Packed with sensors (accelerometer, IR receiver, IR transmitter, and other sensors via the microUSB expansion connector), and supporting many different applications, KoolWand’s Bluetooth low energy hardware and firmware design posed a number of challenges:

  • The Bluetooth low energy solution must be very low power to meet the power budget allocated for the various sensors, maximizing battery life. Efficient power and rechargeable battery management is another important consideration.
  • The Bluetooth low energy solution should be compact and low-cost for a wearable consumer product; this suggests a SoC solution instead of separate RF and MCU approach
  • Large Flash memory space to support a large number of profiles and application programs
  • “OTA” Over-the-Air Download capability to quickly and conveniently reprogram Flash memory with new application programs
  • Stable Bluetooth low energy software and development tools

Texas Instruments’ (TI’s) SimpleLink™ CC254x Bluetooth low energy wireless MCUs and TI power, battery management solution met these requirements and helped make the multi-sensor, multifunction wearable KoolWand a reality.

For home automation application where range is an important factor, Bluetooth low energy is at a disadvantage compared to a Wi-Fi or ZigBee mesh network.

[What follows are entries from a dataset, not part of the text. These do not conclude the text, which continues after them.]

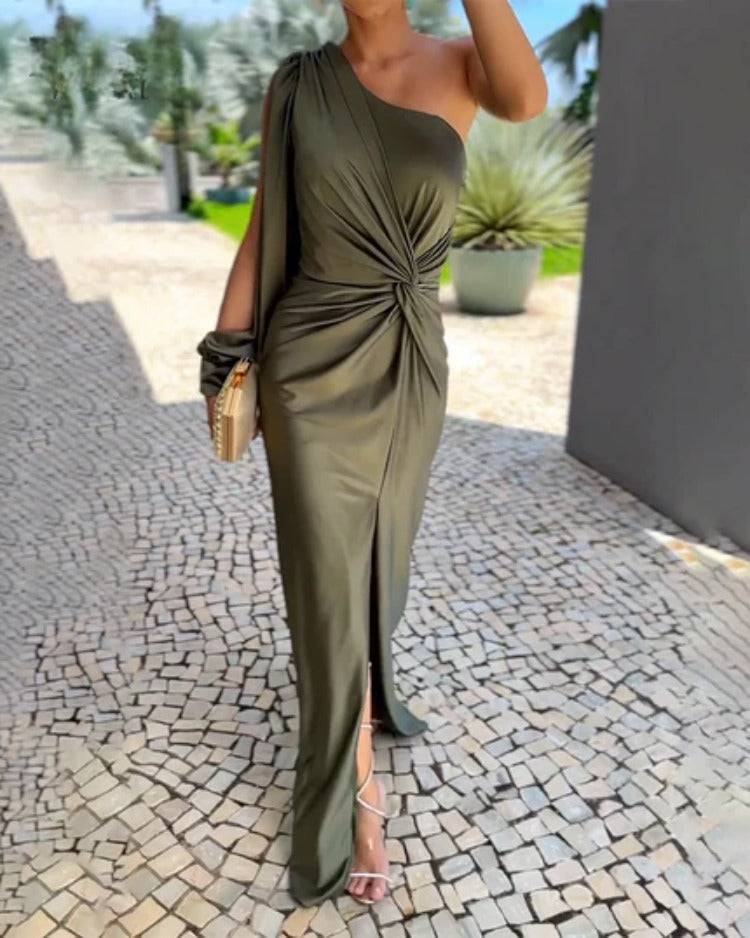 Robe élégante en ligne A intemporelle Eleanor™ de Danoir Paris, en tissu fluide avec décolleté et taille cintrée.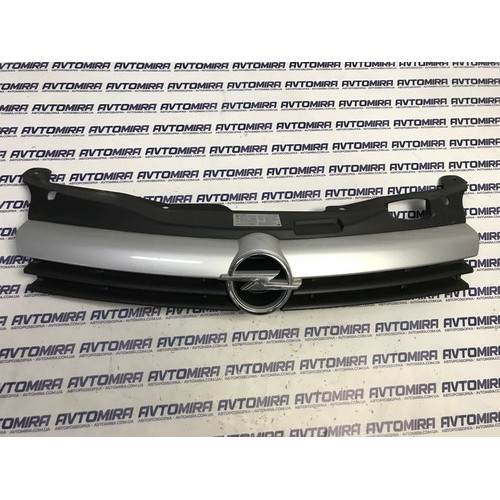 Решітка радіатора Opel Astra H колір Z157 2004-2006 13149465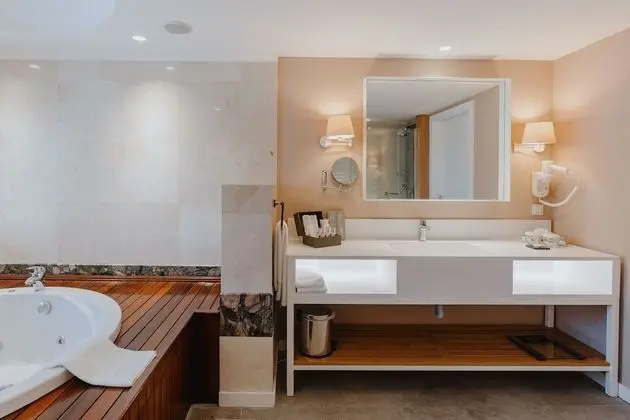 Deluxe Suite, Jutted Tub, 2 Adults + 2 Children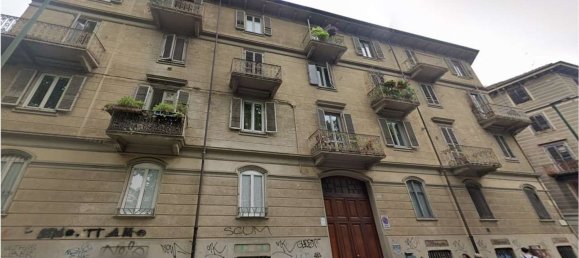 4 rooms Apartment in Turin, Italy No. 206772 3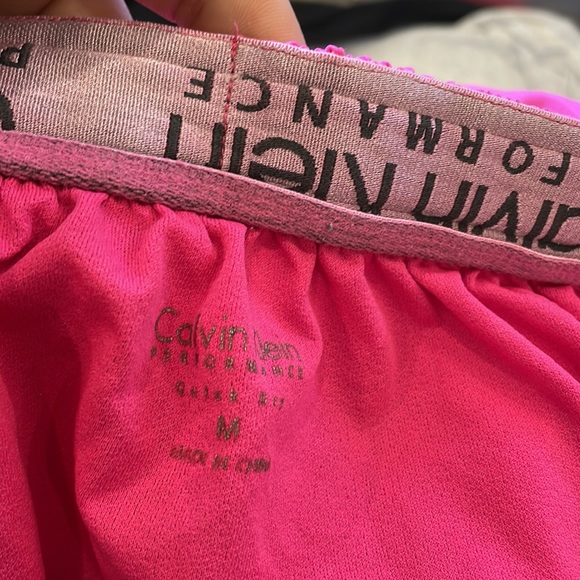 Calvin Klein Performance Pink Shorts Size M - Picture 2 of 2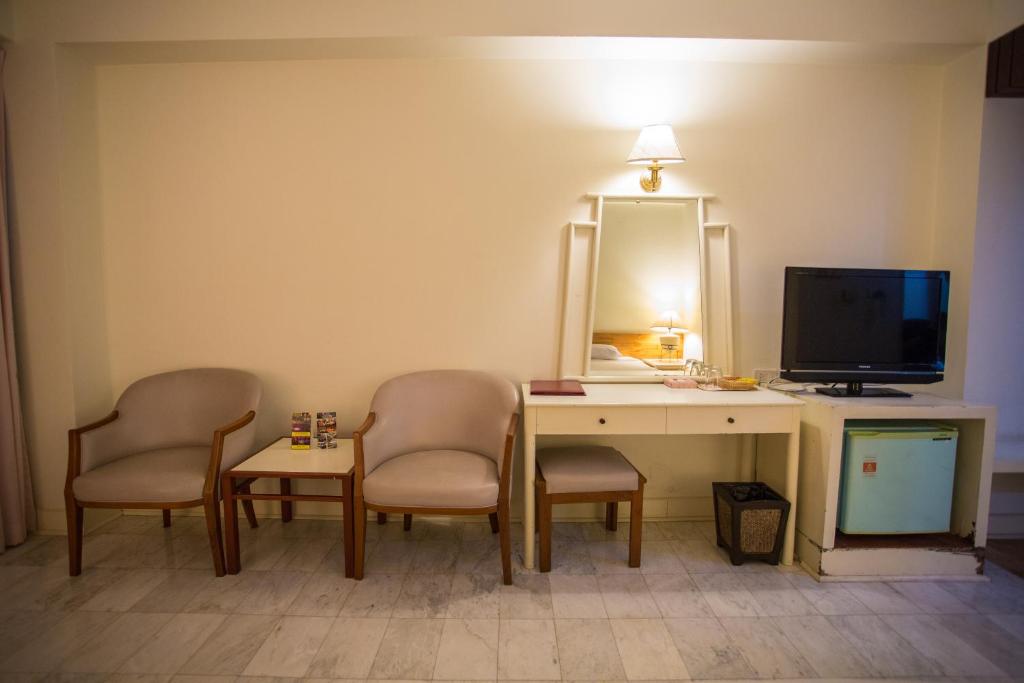 Seeharaj Hotel photo 4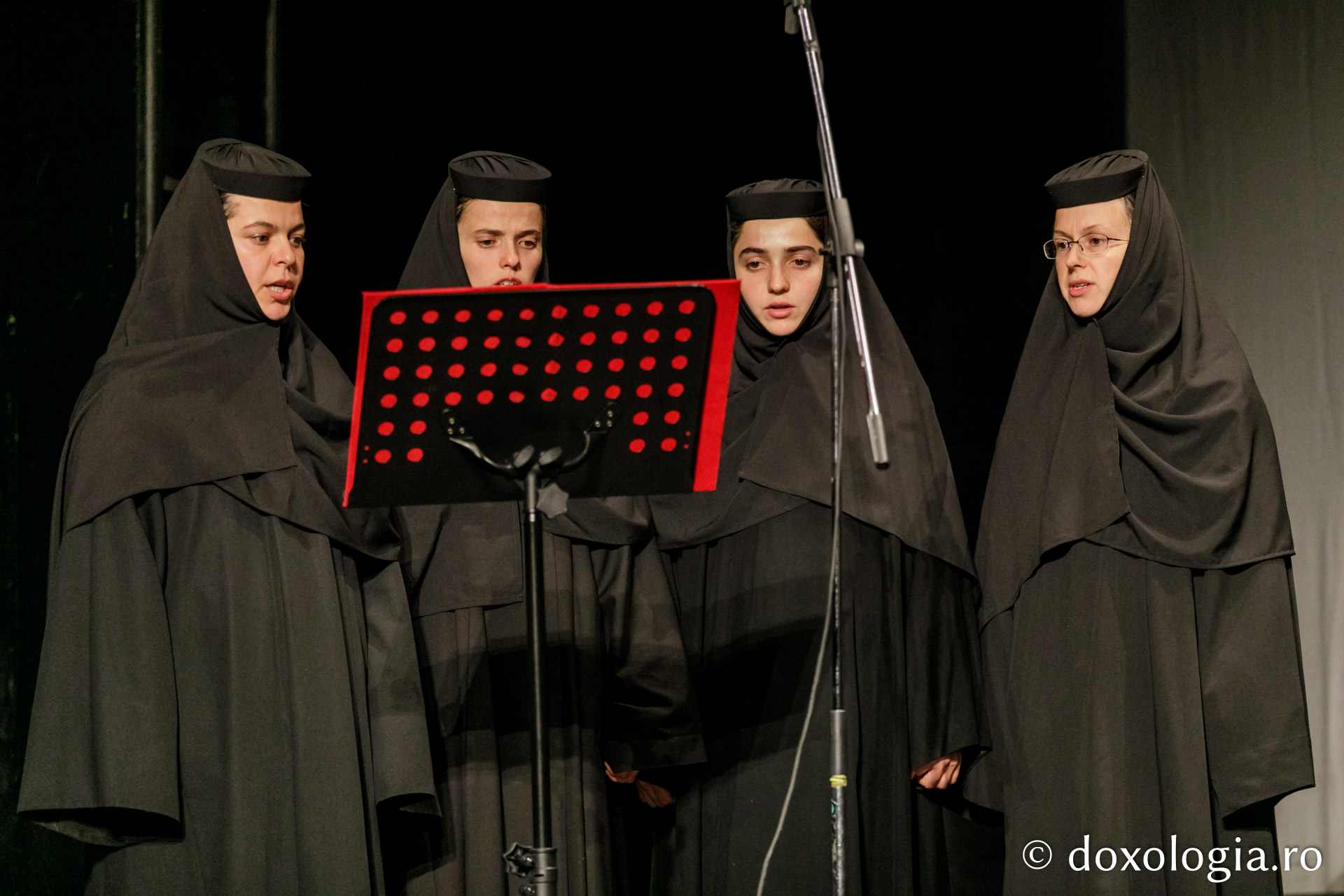 Concert de muzică psaltică la Teatrul Național din Iași, marca IBMF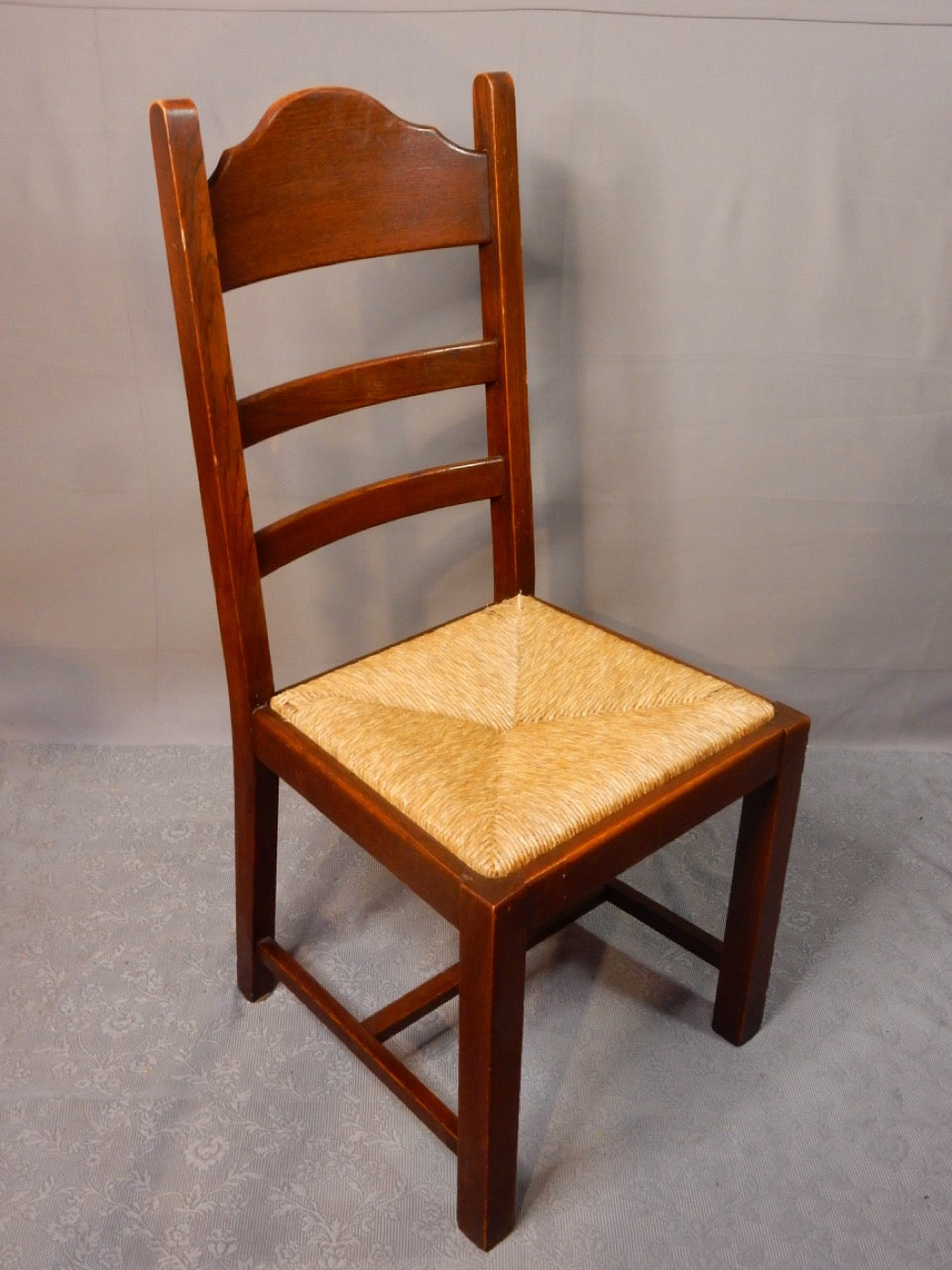 Klassischer Holzstuhl mit handgeflochtener Sitzfläche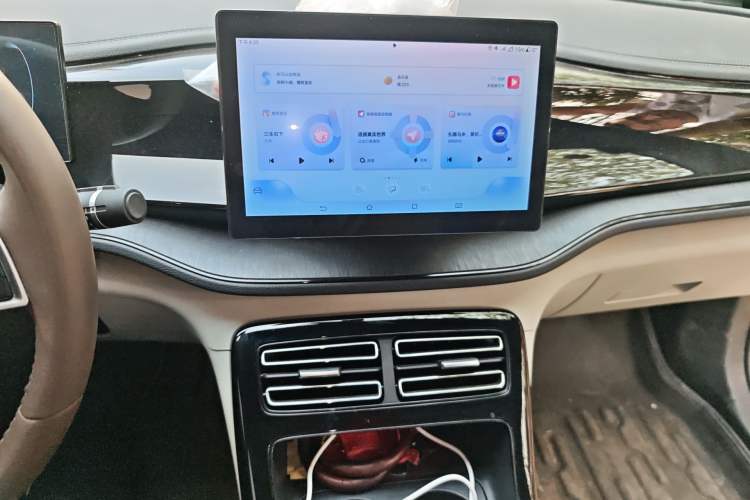 Used BYD Qin PLUS 2024 HONOR Edition DM-i 55KM Leading Model Audio And AC Panel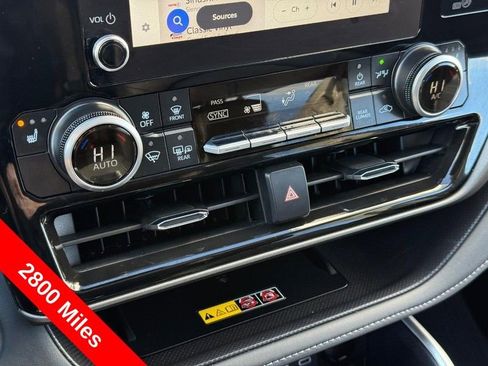 Used 2025 Toyota Highlander XLE image 29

KoolBridge employs an optional RF range extender chip from TI (CC2591) to improve the covered range. Alternatively, as KoolBridge also supports wireless streaming audio feature, one can install a second KoolBridge and use it as both a range extender and second media player for a whole-house audio system.

The applications demonstrate compellingly the versatility and pervasiveness of the emerging Bluetooth low energy-based “Internet of KoolThings.”